Aside from a couple hiccups (no air conditioning in our room the 1st night & Elena falling of the slide & getting a fat lip on the 2nd day) our vacation was absolute perfection!! I don’t have a single complaint about the entire trip…Spending 7 days with Elena was an absolute treat! Don’t get me wrong, Elena had her moments, she is 2.5 after all, but when all you have to do all day is swim, play on the beach & eat, this leaves little time for her to tantrum.

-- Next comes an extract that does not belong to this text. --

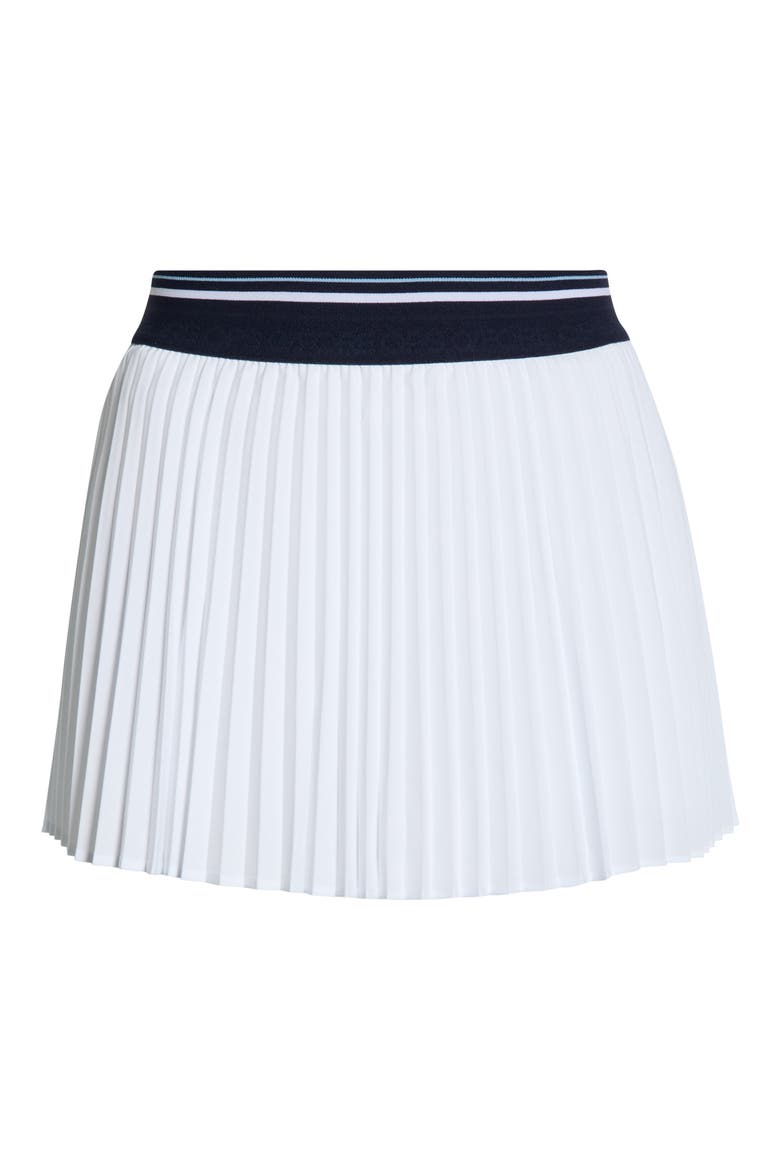 Micropleat High Rise Stretch Woven Golf Skort, Alternate, color, SNOW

Speaking of swimming…Elena swims on her own now!!! That’s right, at 2.5 she swims! What’s funny is she doesn’t quite realize that she can swim. She jumps in & swims to me then wants me to help her swim back to the side!! I have some great video but Blogger won't let me upload it :(

I was also very happy that she’s gotten over her aversion to sand & we were able to play on the beach this year!! She & I are very good hole diggers! She even played in the ocean!! Of course she did this on the day I didn’t have my camera with us!! I still caught some great beach fun!

 

Lastly, I have to rave about one of the single best purchases I have ever made! Last spring, I found the “On the Edge Marketing” Folding Wagon online. It is an awesome alternative to a stroller! Now that Elena likes to walk as often as ride, this has been fantastic!! There’s plenty of space for diaper bags, lunch bags & depending on ages/sizes, can fit 2-4 children comfortably! It folds flat & takes up less space than our collapsible stroller!! It meets airline standards to be checked at the gate same as a stroller…& was a dream to have in the airport!! Being able to load all our bags plus Elena into it while navigating the terminal, security & customs was awesome!! It also made life at the resort so much easier! We would load it up every morning with our swim bags, beach toys, snacks…& it made getting a dawdling toddler from point A to point B so much easier!! There is only 1 drawback…no brakes, so you have to be mindful where you stop. Also be prepared to be stopped by other parents & grandparents everywhere you go!! We get stopped at least 2-3 times to be asked where we got it, how much it cost & a dozen other questions! I don’t mind raving about it though!! Oh, & in case you were wondering, I have no affiliation with “On the Edge Marketing” or any seller or dealer for the wagon in any way…it’s just an awesome product I had to rave about!!